Alkeus Pharmaceuticals doses first patient in Phase 3 Stargardt trial

The Cambridge biotech has initiated its pivotal NORTHSTAR study of oral gildeuretinol in Stargardt disease, with no approved treatment currently available.

Hands in blue gloves prepare an IV drip connected to a patient's arm in a brightly lit medical room with a window and a medical monitor in the background.

Alkeus Pharmaceuticals has dosed the first patient in the NORTHSTAR study, its pivotal global Phase 3 trial of oral gildeuretinol (ALK-001) for Stargardt disease — a rare, progressive inherited retinal condition that causes irreversible central vision loss and for which no FDA-approved treatment exists. The first dose was administered at Erie Retina Research in Pennsylvania.
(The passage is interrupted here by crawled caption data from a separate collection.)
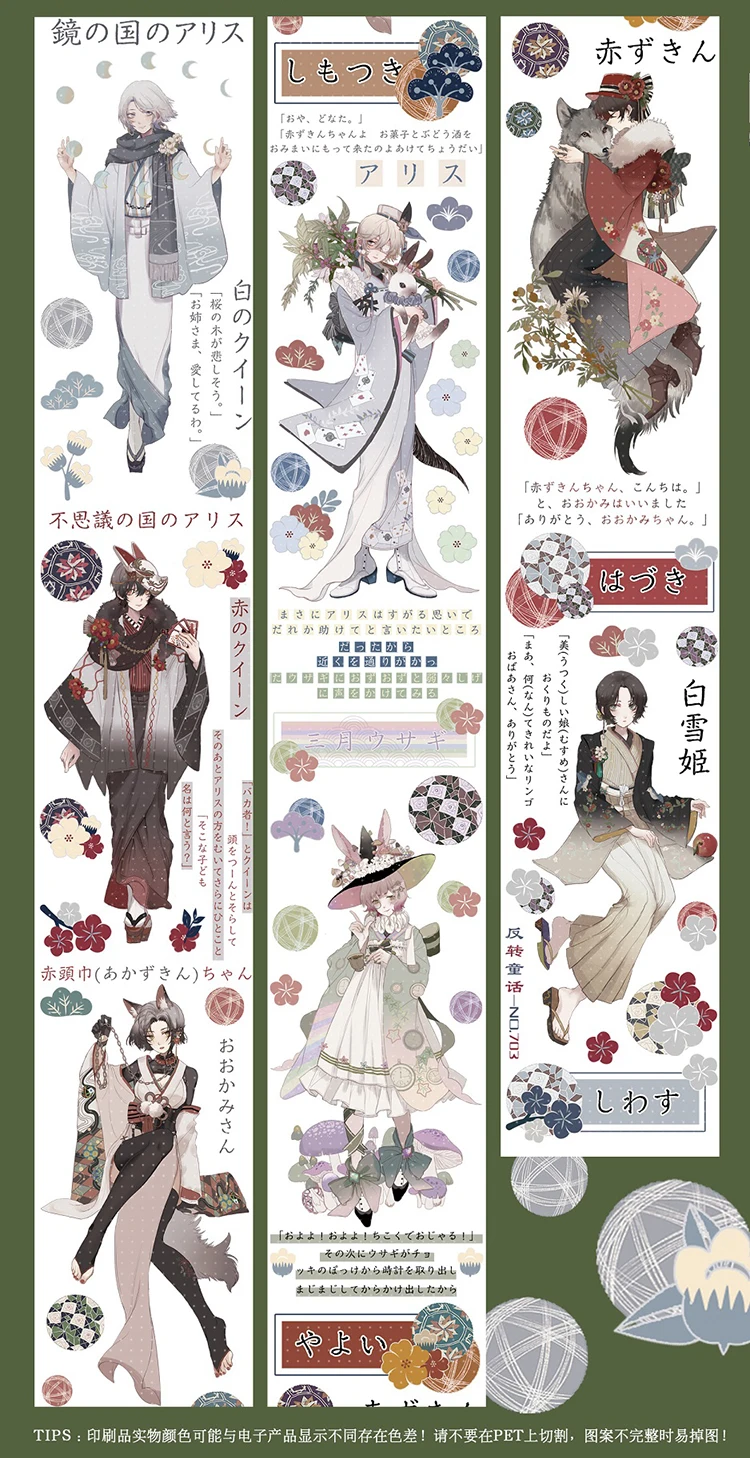 

703 студия pet washi tape образец реверсивных сказочных персонажей журнал аккаунт коробка Рисунок полный 6 штук.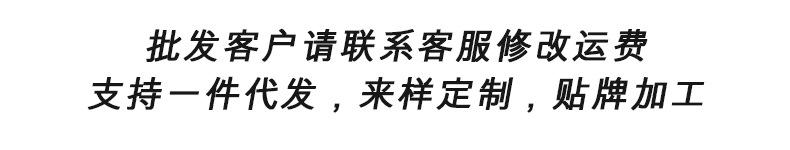实体店运费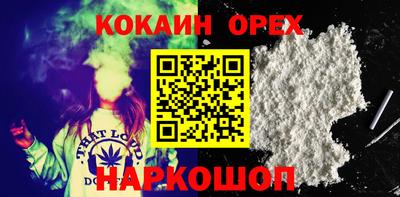 скорость Кизилюрт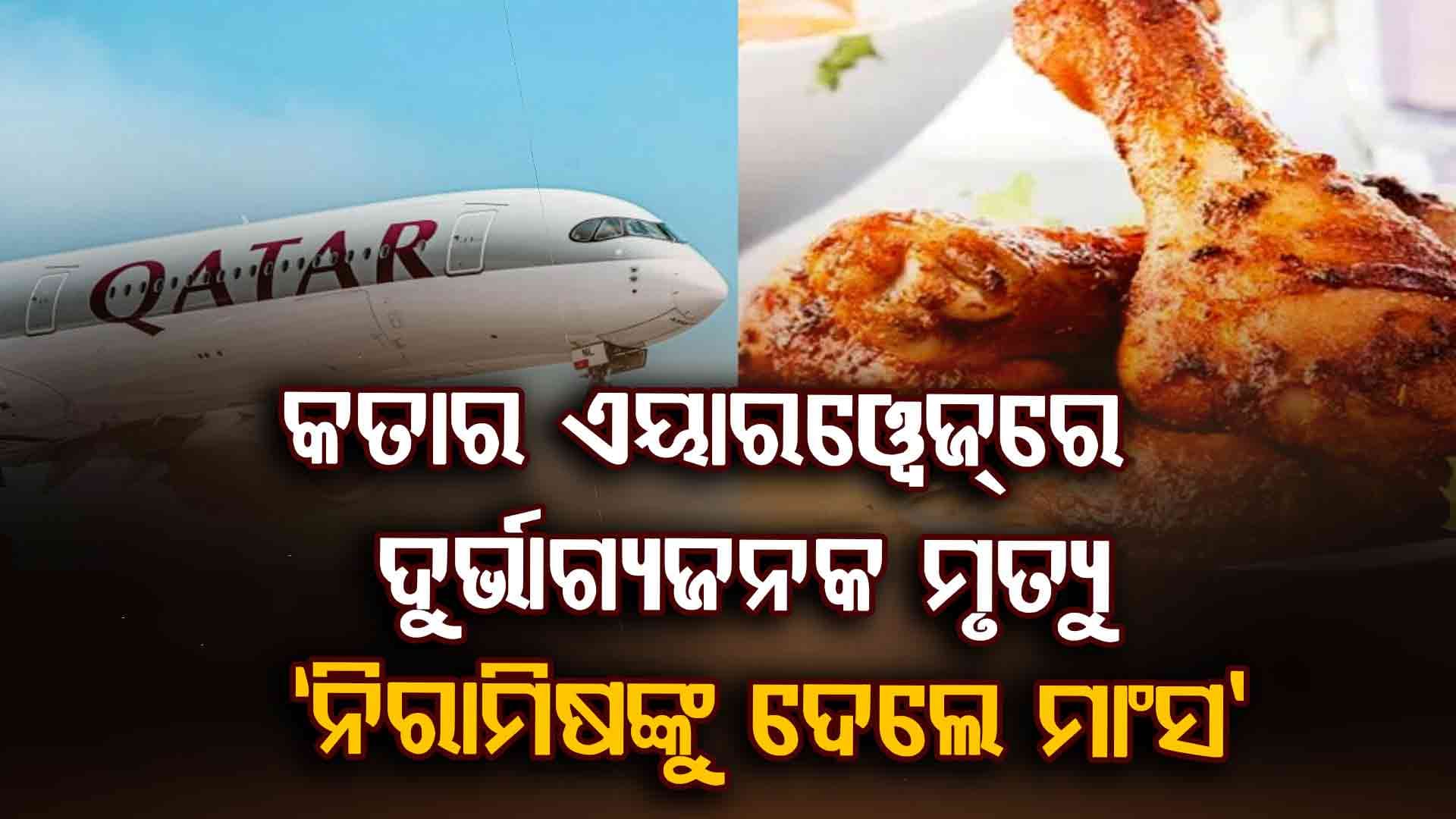 ମାଂସ ଖାଇବାକୁ କୁହାଯିବା ପରେ କାତାର ଏୟାରୱେଜ୍‌ର ନିରାମିଷ ଯାତ୍ରୀଙ୍କ ଶ୍ୱାସରୁଦ୍ଧ ମୃତ୍ୟୁ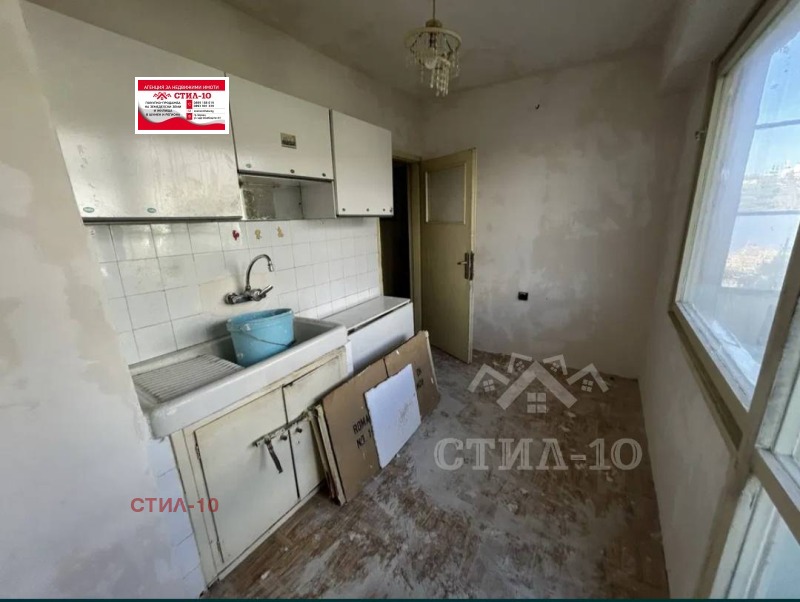 Продава 2-СТАЕН, гр. Шумен, Тракия, снимка 2 - Aпартаменти - 48297528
Stargardt disease affects an estimated 50,000 to 60,000 people in the United States alone. It is caused by a defect in the ABCA4 protein, which leads to the accumulation of toxic vitamin A dimers that irreversibly damage the retinal epithelium, producing progressive loss of central vision typically beginning in childhood or early adulthood.

Trial design

NORTHSTAR is a randomised, placebo-controlled, double-masked 24-month study that will enrol approximately 230 participants aged 8 to 45 with advanced Stargardt disease and atrophic lesions at baseline. The primary endpoint is the rate of atrophic lesion growth from months 6 to 24, measured by fundus autofluorescence (FAF). The key secondary endpoint is preservation of visual acuity, assessed by low luminance visual acuity (LLVA) — a functional measure considered by investigators to be more sensitive than standard best-corrected visual acuity in detecting early functional decline.

The study design was agreed jointly by the FDA and the European Medicines Agency. Alkeus plans to run approximately 55 sites across more than 11 countries. The company said it is building on clinical experience gathered in prior studies that together treated around 400 patients, with a maximum treatment duration of more than seven years.

Gildeuretinol works by reducing vitamin A dimerisation without disrupting the visual cycle — the biochemical pathway by which the retina regenerates photopigment. The company said prior trials reported no incidences of chromatopsia, dark adaptation delays, or night blindness, adverse effects associated with other retinoid-targeting approaches that do modulate the visual cycle.

David Almeida, principal investigator at Erie Retina Research, said: "There remains a significant unmet need in Stargardt disease, and continued progress in research is important for patients and families affected by this condition."

Regulatory status and competitive context

Gildeuretinol carries Breakthrough Therapy, Rare Pediatric Disease, Fast Track, and Orphan Drug designations from the FDA. The EMA has granted orphan medicinal product status for non-syndromic inherited retinal dystrophies due to ABCA4 defects, which encompasses Stargardt disease. The breadth of these designations reflects both the severity of the condition and the absence of approved alternatives, and will be meaningful to any eventual regulatory review timeline.

The inherited retinal disease space has seen growing investment in gene therapy approaches — CRISPR-based and adeno-associated virus (AAV) platforms have been explored by a number of academic and commercial groups for ABCA4-linked disease. Gildeuretinol's oral, small-molecule mechanism distinguishes it from these approaches and may offer practical advantages in a paediatric population where ocular gene delivery presents procedural and immunological challenges. Alkeus is a private company backed by Bain Capital Life Sciences and has not disclosed a funding runway or commercial partnership in this announcement.

Stargardt disease's relatively small patient pool — combined with the Rare Pediatric Disease designation, which can generate a transferable FDA priority review voucher on approval — means a successful NORTHSTAR readout could carry both clinical and commercial significance. The 24-month treatment period puts a primary data readout on or around mid-2028, assuming enrolment proceeds broadly on schedule.